030. Substring with Concatenation of All Words

Quick Identifier

Topic: sliding-window
Pattern: Sliding Window (Fixed multi‑unit window + hash map)
Hint: All words share the same length. This enables a "chunked" sliding window stepping by wordLength instead of a single character.
Difficulty: Hard
Companies: Amazon, Google, Meta, Microsoft, Bloomberg
LeetCode: 30

Quick Sights

Time Complexity: O(n) total across all offset passes. Each character block is visited at most twice.
Space Complexity: O(m) where m is the number of words. We store two hash maps: the expected frequency map and the current window map.
Core Mechanism: Run L independent window passes (L = wordLength). In each pass, slide the window block‑by‑block, maintaining a frequency count of seen words and contracting when a word exceeds its allowed count.

Concept Explanation

As a senior engineer, you recognize that the uniform word length constraint collapses a daunting string problem into a discrete block scanning problem.

Offset Scheduling: Because a valid concatenation can start at any character index, there are exactly L possible alignments. We launch L parallel passes, each starting at offsets 0 … L‑1.
Block Window: Within a single offset, the problem reduces to finding an anagram of the words list where the units are words instead of characters — essentially the same logic as LeetCode 438 but with word tokens.
Expansion & Contraction: Expand the right pointer by L, read the next word, and update the window map.
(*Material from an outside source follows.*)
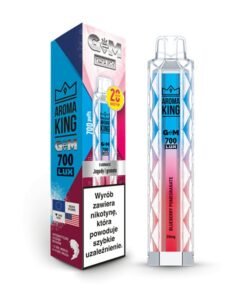 Aroma King GEM LUX 700 20mg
If the count of that word exceeds the target, shrink from the left until the invariants hold again.
Match Detection: When the total number of matched words equals numWords, record the left index as a valid start.

Diagram

Loading diagram…

Study Pattern (SDE3+)

0‑3 min: State the uniform length insight and why it enables L independent scans.
Implementation pass: Walk through the outer offset loop, then the inner slide‑by‑L loop, highlighting the frequency‑map updates and the contraction logic.
5 min extension: Discuss how the solution would change if words had variable lengths (e.g., requiring a trie or Aho‑Corasick automaton).

Approaches

Brute force – enumerate every start index, slice numWords * L characters, and compare multisets. O(n * m * L).
Optimal – L offset passes with a sliding window and hashmap. O(n) time, O(m) space. (Always pick this)

Optimal Solution

Go

func findSubstring(s string, words []string) []int {
    if len(words) == 0 {
        return nil
    }
    wordLen := len(words[0])
    numWords := len(words)
    n := len(s)

    // Build expected frequency map
    expected := make(map[string]int)
    for _, w := range words {
        expected[w]++
    }

    result := []int{}

    // Iterate over each possible offset
    for offset := 0; offset < wordLen; offset++ {
        left := offset
        cur := make(map[string]int)
        matched := 0
        for right := offset + wordLen; right <= n; right += wordLen {
            piece := s[right-wordLen : right]
            if expected[piece] == 0 { // not a target word
                cur = make(map[string]int)
                matched = 0
                left = right
                continue
            }
            cur[piece]++
            matched++
            // Shrink window if we have too many of this word
            for cur[piece] > expected[piece] {
                leftWord := s[left : left+wordLen]
                cur[leftWord]--
                matched--
                left += wordLen
            }
            if matched == numWords {
                result = append(result, left)
            }
        }
    }
    return result
}

JavaScript

function findSubstring(s, words) {
    if (words.length === 0) return [];
    const wordLen = words[0].length;
    const numWords = words.length;
    const n = s.length;
    const expected = new Map();
    for (const w of words) expected.set(w, (expected.get(w) || 0) + 1);
    const result = [];

    for (let offset = 0; offset < wordLen; offset++) {
        let left = offset;
        const cur = new Map();
        let matched = 0;
        for (let right = offset + wordLen; right <= n; right += wordLen) {
            const piece = s.slice(right - wordLen, right);
            if (!expected.has(piece)) {
                cur.clear();
                matched = 0;
                left = right;
                continue;
            }
            cur.set(piece, (cur.get(piece) || 0) + 1);
            matched++;
            while (cur.get(piece) > expected.get(piece)) {
                const leftWord = s.slice(left, left + wordLen);
                cur.set(leftWord, cur.get(leftWord) - 1);
                matched--;
                left += wordLen;
            }
            if (matched === numWords) result.push(left);
        }
    }
    return result;
}

Walkthrough

Input: s = "barfoothefoobarman", words = ["foo","bar"]

wordLen = 3, numWords = 2
Offsets 0‑2 are examined.
Offset 0 yields matches at indices 0 and 9.
Offsets 1 and 2 produce no matches because the word boundaries mis‑align.
Final output: [0, 9].

Edge Cases

words contains duplicates → frequency map handles counts correctly.
Empty words list → return [].
s shorter than wordLen * numWords → early exit, no matches.

Pitfalls

Forgetting to reset the window when encountering a non‑target word (must move left to right).
Not advancing left enough when a word exceeds its allowed frequency, leading to stale counts.
Using the wrong slice boundaries (right‑wordLen vs right).

Mind‑Map Tags

#sliding-window #fixed-window #hashmap #word‑token #hard